(TASK GOAL): Starting at the top of the entries below, set down every line exactly, please, until you reach the line with "Canon PowerShot SX260", which is included too.
*** RECORDS PROVIDED ***
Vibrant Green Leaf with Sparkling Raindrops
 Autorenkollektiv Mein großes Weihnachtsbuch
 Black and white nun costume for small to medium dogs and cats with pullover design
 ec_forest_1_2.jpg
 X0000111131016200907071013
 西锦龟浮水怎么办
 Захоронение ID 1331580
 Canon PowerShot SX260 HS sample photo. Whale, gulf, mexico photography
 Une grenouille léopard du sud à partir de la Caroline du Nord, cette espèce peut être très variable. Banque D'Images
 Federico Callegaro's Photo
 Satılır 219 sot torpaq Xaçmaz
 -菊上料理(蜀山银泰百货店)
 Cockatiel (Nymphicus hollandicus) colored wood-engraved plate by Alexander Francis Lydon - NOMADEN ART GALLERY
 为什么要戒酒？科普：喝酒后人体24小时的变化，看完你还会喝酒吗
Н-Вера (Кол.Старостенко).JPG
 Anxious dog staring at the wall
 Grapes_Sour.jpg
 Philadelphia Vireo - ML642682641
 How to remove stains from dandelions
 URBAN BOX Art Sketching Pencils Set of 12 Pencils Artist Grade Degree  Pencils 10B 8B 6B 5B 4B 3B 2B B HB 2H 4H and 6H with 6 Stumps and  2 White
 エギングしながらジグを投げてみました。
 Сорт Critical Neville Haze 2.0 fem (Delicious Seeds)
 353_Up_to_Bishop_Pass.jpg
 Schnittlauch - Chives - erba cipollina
*** End of RECORDS PROVIDED ***
(SOLUTION FOR THIS TASK):
Vibrant Green Leaf with Sparkling Raindrops
 Autorenkollektiv Mein großes Weihnachtsbuch
 Black and white nun costume for small to medium dogs and cats with pullover design
 ec_forest_1_2.jpg
 X0000111131016200907071013
 西锦龟浮水怎么办
 Захоронение ID 1331580
 Canon PowerShot SX260 HS sample photo. Whale, gulf, mexico photography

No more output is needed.